Unfortunately, she can’t really see or hear that well so when she woke from that nap she slowly became bored and irritated, fussing, moving herself back and forth from the discomfort of her constant pain. I thought to myself, there is about five minutes more to this movie and I want to see it to the end. So I paid no attention to the huffs and puffs beside me and then when the movie ended I said, “So how about a walk to that new art gallery on Parliament”? She was very much up to it.
My handling of that reminded me of parenting toddlers. Patience and strategy, offering the adventure or treat just at the right moment. We had a long walk; she used her cane with great determination and I dragged the unused walker behind us. She did at times sit on the seat of the walker for a break, and that worked well. We talked and chatted the whole way. Again, memories of trailing strollers awkwardly down the road when the baby prefers to walk or be held, came back to me.
When we got to the art gallery the sweet young man who has put his idealism into his own gallery, helped us in and offered us cookies. This was good as we did need the sweet kick to recover from our adventure. With my Mom comfortably seated we talked of this and that and by the way I told him about my Mom’s career as a journalist and the different places she had worked.
It was a fun afternoon out and I appreciated the attention that the young man gave my Mom, just as I always loved it when a stranger would smile at my child and say, “Aren’t you wonderful”.
On the way home, trailing the constantly unfolding walker behind me I was amazed to come across people on the street that were impatient for my Mom and me to creep by at our glacial pace.
Just as I have experienced the cold big city vibe in Toronto when out with children and babies, I saw it with my Mom. People sighed and looked irritated that we had slowed down their day and I remembered a woman sucking her teeth and impatiently waiting for me to carry my kid and stroller up a flight of stairs out of the subway.
We had a lovely visit. I will treasure it forever. It took a lot of my own Mom organizing to get that trip sorted, including explaining to a very attached seven year old that I had to see my Mom. She cried and cried, wanting to come with me.
I did not cry for a second on that trip, and when I left Mom in the hands of a lovely care worker who would keep her company until her boyfriend came over, I was not worried about her.

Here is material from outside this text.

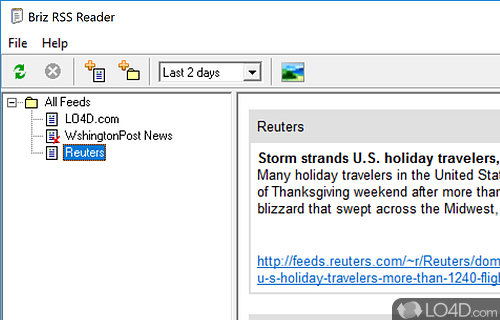 Screenshot of Briz RSS Reader - User interface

She is serene, thoughtful, and philosophical. Her curious mind is contemplating her situation, and not only does she still have a sense of humor, she still has that tough ‘prairie girl born in war time’ attitude.
She is still my Mom, and I can tell she is sorting out her emotions and organizing her thoughts in that very Mom way, checking to see if I am happy, worrying over the health and moods of her fourth baby.

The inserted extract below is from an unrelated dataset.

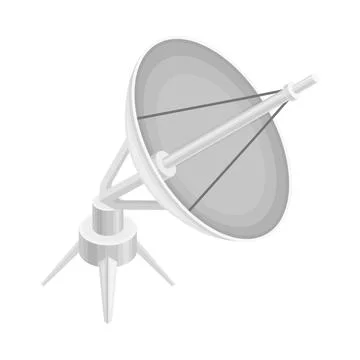 Satellite Dish as Wireless Network Communication Technology Isometric Vector Stock Illustration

We really do have a laugh together, and I really do admire her, even when she drives me crazy. And besides, she is my one and only Mom.
When I had a moment alone after the trip, and I pictured her tending me as a baby, washing me, comforting me, saving me special books for when I was sick, the images set me off for a big wailing cry alone in my car.
I am at once a child and a mother. I want to care for her as she cared for me, and I know that this is what my sister and I feel deeply in our hearts. We want to mother our mother.
But I am her child, and it is my Mom who is leaving, and she still is my Mom, and I won’t have any Mom when she is gone. And it is lonely thinking of having no Mom.